The final episodes of Season 1 saw Jamie go through hell at the hands of Black Jack Randall (Tobias Menzies). He was physically and sexually abused at Wentworth Prison, and Heughan said Jamie is carrying those scars with him. “He is affected by it physically and mentally, and we’re certainly playing that out in Season 2. However, they’re [Claire and Jamie] not dwelling on it, they’re there for a reason. They’ve gone to Paris to change history. It affects Jamie’s psychology and also affects his relationship with Claire and their marriage, and it’s something they need to get over. Without giving away too much, he does find some sort of resolution, but it’s interesting what that stems from. It’s been a really interesting journey to play. He’s quite fragile at the start of Season 2, I think. He gets on with it, as he always does, but under the surface there are still issues to be dealt with.”
As Heughan mentioned, what happened to Jamie affects Claire and their relationship. Claire not only worked with the Highlanders to save Jamie from Wentworth, she fought for his mental recovery, something Balfe said will continue. “Claire, I think, has to assume the role of being his healer emotionally and finding a way to guide him out of the effects of Wentworth and yet she’s pregnant as well. So, that’s a huge thing for her. There’s a lot going on because she has to put aside her own emotional fear and her own emotional insecurities in order to help Jamie get over what he’s gone through. She tries to really instill in him that they have this mission and that’s what they need to be doing right now. And it gives him a purpose and it gives him a drive, and I think that you’ll see her in her private moments maybe having to deal with the pregnancy and her uncertainty, but publicly she has to put on a brave face for Jamie.”

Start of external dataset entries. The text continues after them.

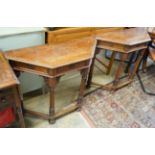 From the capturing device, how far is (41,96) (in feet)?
6.78

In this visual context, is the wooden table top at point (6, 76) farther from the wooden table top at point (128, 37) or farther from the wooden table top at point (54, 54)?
the wooden table top at point (128, 37)

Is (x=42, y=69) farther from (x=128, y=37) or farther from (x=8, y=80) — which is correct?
(x=128, y=37)

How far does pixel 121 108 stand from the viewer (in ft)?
6.60

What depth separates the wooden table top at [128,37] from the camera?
5.97ft

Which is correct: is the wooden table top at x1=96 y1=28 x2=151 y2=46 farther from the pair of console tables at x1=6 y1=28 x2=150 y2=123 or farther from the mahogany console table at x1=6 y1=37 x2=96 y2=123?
the mahogany console table at x1=6 y1=37 x2=96 y2=123

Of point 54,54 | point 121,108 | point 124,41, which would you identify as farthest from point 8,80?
point 121,108

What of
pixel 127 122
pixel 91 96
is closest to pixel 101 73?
pixel 91 96

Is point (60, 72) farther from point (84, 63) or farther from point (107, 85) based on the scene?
point (107, 85)

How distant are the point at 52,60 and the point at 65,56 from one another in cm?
12

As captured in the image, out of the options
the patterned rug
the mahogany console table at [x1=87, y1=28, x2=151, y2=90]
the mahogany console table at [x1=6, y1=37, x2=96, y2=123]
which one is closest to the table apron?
the mahogany console table at [x1=6, y1=37, x2=96, y2=123]

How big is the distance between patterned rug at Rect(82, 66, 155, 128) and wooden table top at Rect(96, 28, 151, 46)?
66 centimetres

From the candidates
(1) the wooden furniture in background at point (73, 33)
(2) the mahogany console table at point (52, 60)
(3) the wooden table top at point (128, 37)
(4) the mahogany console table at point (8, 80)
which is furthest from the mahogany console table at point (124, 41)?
(4) the mahogany console table at point (8, 80)

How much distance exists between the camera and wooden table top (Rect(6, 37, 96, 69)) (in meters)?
1.36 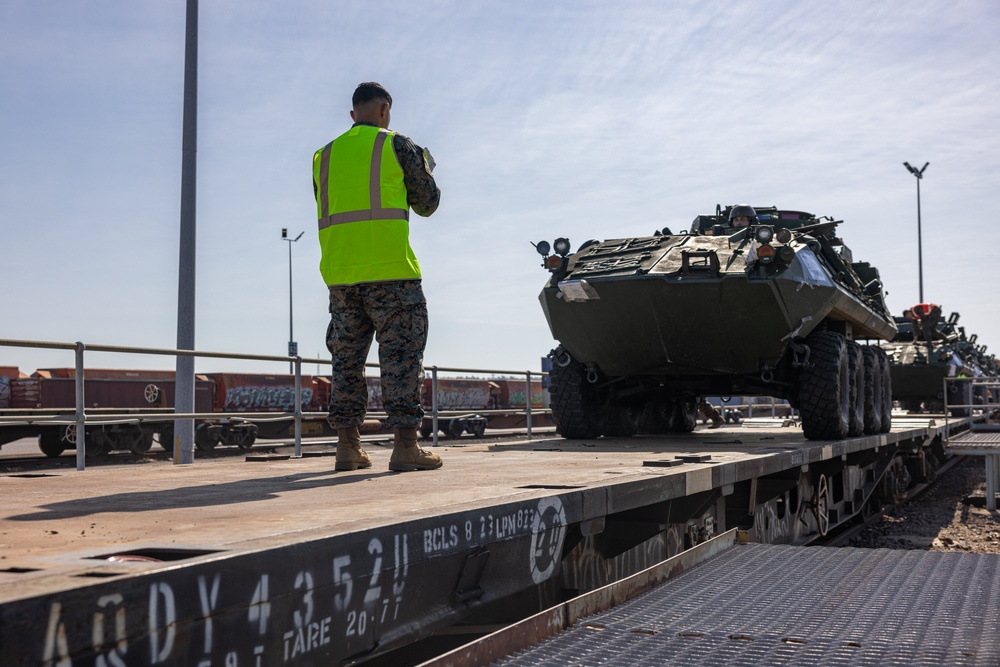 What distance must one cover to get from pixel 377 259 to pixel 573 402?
4.98 m

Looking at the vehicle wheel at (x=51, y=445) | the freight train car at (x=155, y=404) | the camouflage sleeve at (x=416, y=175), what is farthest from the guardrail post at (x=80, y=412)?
the vehicle wheel at (x=51, y=445)

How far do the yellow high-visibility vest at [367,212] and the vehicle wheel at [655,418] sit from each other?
272 inches

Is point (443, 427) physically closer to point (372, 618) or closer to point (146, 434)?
point (146, 434)

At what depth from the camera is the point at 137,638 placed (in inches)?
75.8

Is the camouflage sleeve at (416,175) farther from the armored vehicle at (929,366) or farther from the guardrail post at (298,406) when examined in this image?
the armored vehicle at (929,366)

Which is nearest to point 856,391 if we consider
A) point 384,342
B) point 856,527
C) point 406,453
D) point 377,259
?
point 856,527

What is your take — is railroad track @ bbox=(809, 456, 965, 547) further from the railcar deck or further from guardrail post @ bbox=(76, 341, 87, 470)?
guardrail post @ bbox=(76, 341, 87, 470)

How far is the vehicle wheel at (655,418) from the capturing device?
11.6m

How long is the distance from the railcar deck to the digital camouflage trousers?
0.33m

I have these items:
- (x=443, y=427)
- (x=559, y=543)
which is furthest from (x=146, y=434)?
(x=559, y=543)

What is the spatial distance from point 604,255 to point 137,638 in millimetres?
8010

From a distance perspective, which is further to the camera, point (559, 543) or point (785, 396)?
point (785, 396)

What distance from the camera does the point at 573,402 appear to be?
9680 mm

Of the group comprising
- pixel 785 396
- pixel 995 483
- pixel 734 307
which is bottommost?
pixel 995 483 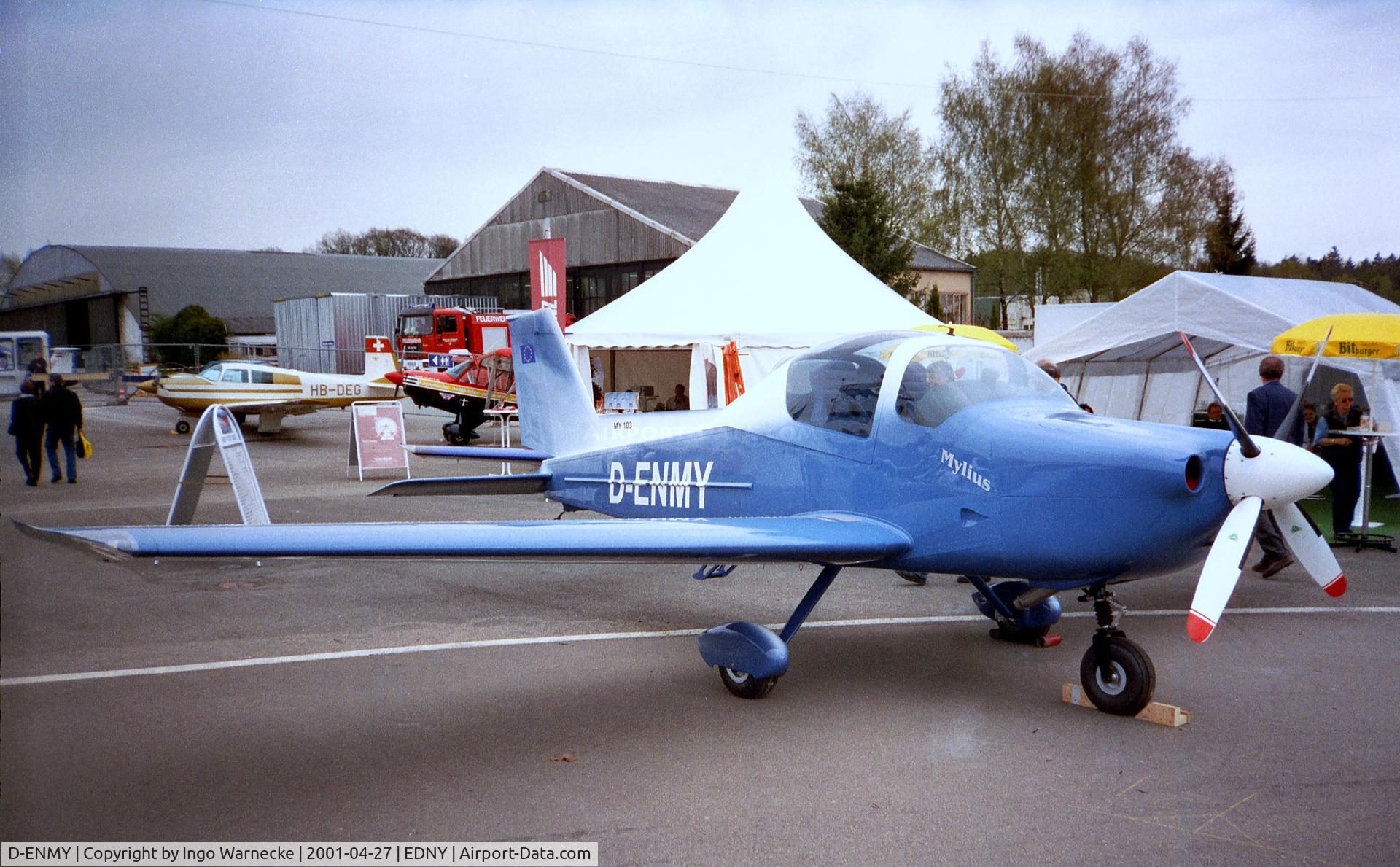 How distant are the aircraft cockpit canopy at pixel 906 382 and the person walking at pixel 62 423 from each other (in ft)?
38.4

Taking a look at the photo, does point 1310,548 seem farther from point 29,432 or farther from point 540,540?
point 29,432

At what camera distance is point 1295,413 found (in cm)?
502

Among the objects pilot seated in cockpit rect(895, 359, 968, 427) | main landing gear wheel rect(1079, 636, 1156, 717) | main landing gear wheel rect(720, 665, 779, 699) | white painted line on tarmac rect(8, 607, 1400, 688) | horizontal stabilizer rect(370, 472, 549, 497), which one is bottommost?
white painted line on tarmac rect(8, 607, 1400, 688)

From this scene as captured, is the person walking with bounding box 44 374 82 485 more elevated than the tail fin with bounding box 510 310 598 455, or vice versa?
the tail fin with bounding box 510 310 598 455

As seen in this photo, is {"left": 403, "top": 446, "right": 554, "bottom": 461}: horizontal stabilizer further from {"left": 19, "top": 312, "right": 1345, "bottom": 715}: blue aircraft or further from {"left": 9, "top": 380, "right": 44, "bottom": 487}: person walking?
{"left": 9, "top": 380, "right": 44, "bottom": 487}: person walking

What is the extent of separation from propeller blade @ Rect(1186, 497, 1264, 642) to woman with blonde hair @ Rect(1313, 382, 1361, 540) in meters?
6.27

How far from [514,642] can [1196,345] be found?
1203 cm

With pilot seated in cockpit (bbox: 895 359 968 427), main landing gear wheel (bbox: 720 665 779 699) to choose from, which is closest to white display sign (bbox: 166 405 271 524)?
main landing gear wheel (bbox: 720 665 779 699)

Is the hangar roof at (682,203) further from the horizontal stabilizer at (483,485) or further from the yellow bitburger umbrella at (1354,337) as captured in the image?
the horizontal stabilizer at (483,485)

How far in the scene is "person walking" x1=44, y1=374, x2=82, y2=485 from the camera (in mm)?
12898

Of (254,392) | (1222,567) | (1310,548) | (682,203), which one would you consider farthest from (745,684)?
(682,203)

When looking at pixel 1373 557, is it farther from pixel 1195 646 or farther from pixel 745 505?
pixel 745 505

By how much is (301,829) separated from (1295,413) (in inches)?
205

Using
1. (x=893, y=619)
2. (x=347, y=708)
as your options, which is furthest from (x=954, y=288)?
(x=347, y=708) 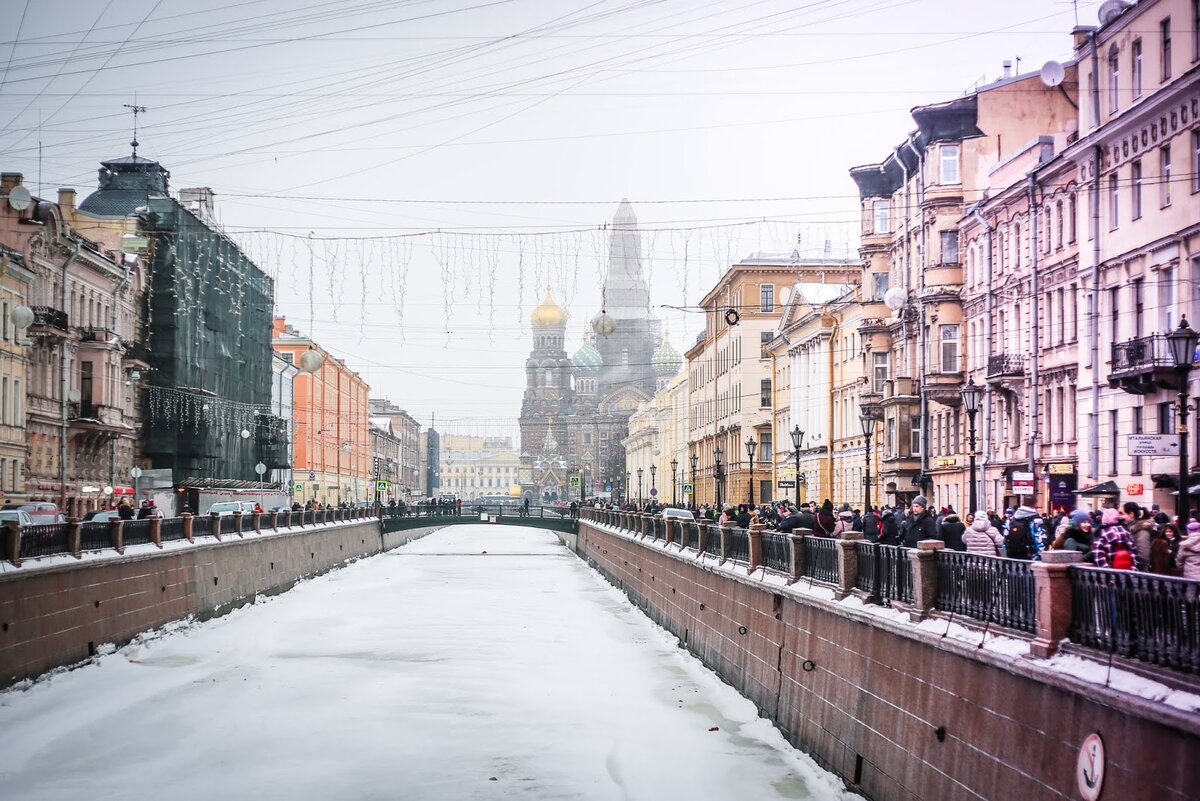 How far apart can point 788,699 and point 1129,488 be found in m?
15.3

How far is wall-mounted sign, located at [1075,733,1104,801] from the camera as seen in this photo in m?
11.7

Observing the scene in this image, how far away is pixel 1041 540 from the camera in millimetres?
24094

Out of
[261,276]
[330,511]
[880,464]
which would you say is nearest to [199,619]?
[880,464]

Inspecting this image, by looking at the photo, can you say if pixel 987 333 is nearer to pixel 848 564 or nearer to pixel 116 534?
pixel 116 534

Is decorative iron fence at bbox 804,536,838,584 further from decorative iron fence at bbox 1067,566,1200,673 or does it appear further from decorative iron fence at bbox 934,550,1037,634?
decorative iron fence at bbox 1067,566,1200,673

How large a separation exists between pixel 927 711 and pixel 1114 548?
4.23m

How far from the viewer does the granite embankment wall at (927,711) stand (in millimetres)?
11250

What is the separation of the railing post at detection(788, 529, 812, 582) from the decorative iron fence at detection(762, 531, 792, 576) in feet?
1.56

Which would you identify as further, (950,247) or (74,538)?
(950,247)

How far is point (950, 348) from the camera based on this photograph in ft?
175

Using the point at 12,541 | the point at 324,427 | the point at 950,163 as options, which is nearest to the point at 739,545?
the point at 12,541

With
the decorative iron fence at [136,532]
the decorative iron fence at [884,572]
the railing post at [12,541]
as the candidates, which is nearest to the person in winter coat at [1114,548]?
the decorative iron fence at [884,572]

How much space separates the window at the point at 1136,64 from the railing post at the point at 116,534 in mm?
25825

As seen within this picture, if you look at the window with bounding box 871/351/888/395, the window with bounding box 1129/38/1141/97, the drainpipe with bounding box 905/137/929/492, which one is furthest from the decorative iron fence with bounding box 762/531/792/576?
the window with bounding box 871/351/888/395
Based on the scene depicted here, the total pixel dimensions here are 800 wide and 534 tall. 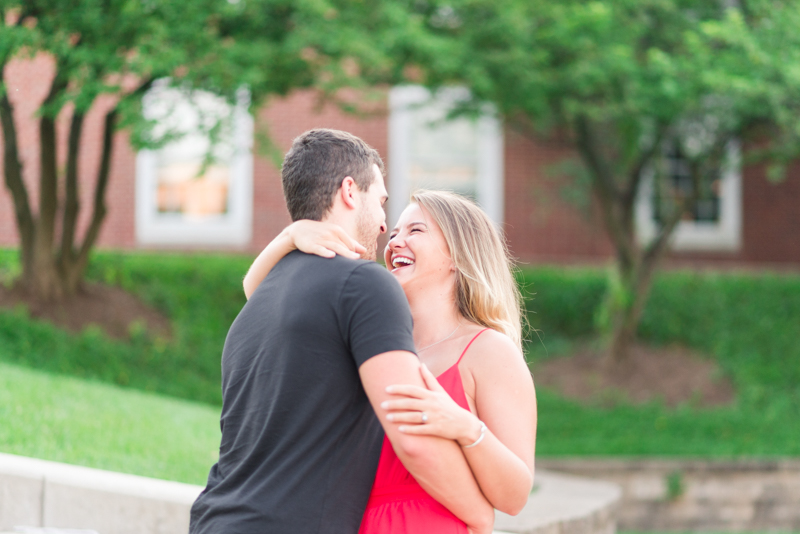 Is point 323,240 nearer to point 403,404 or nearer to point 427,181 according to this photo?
point 403,404

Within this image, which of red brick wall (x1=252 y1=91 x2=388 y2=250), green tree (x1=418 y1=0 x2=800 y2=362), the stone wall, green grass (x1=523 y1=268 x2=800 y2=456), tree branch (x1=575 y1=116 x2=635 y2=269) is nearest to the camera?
the stone wall

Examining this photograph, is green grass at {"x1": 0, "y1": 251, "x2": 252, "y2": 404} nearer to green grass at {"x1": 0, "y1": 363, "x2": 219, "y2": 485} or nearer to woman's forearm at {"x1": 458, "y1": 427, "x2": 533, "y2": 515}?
green grass at {"x1": 0, "y1": 363, "x2": 219, "y2": 485}

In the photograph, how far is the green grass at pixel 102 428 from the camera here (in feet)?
16.1

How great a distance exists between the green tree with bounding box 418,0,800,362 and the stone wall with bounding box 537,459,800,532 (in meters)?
3.38

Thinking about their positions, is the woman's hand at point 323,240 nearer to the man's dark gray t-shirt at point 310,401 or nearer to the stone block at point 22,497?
the man's dark gray t-shirt at point 310,401

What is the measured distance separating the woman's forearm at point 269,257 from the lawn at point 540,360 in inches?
114

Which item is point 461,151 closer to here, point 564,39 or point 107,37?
point 564,39

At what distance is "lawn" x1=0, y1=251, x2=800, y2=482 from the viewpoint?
5.59 meters

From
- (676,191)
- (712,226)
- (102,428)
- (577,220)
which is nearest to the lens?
(102,428)

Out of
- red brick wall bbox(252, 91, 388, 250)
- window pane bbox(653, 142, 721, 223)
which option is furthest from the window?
window pane bbox(653, 142, 721, 223)

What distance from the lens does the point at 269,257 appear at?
7.35ft

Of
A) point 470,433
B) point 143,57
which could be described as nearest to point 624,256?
point 143,57

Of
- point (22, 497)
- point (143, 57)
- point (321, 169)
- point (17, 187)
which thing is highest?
point (143, 57)

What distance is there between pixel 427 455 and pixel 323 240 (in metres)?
0.58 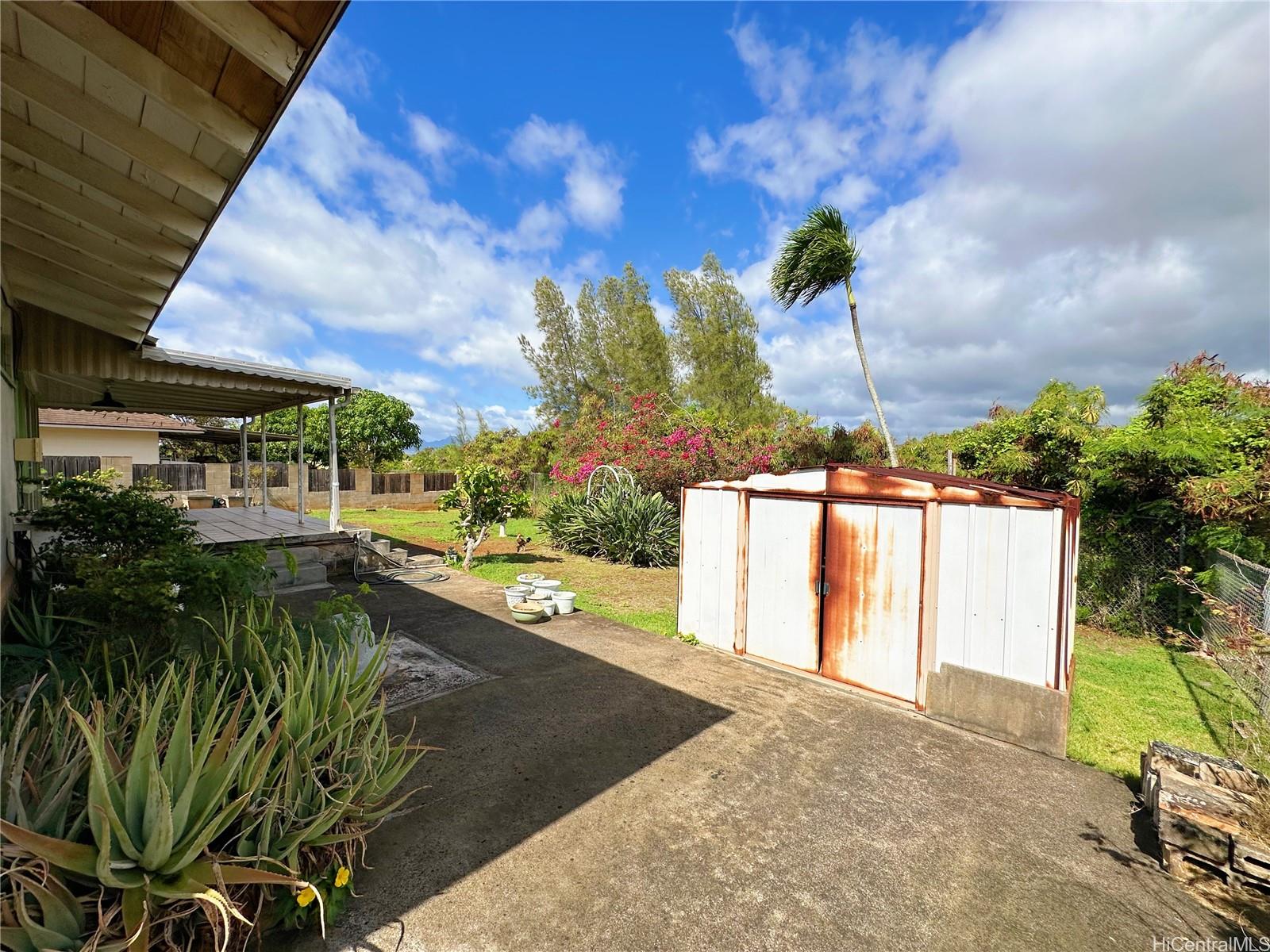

She’s also keeping busy by finding an outlet for her nursing skills. Balfe said, “I think when she first gets to Paris, in a strange way she has less freedom than she did in Scotland in the 18th century. The female society in Paris is much more about sitting in tea rooms and gossiping. The women are supposed to look very pretty and not do a lot and. of course. that does not sit well with Claire. She does manage to find an outlet for her healing and an outlet for herself and her passion and you’ll see that with the introduction of Mother Hildegarde. Once Claire finds that outlet I think she feels a lot more herself and she has a purpose.”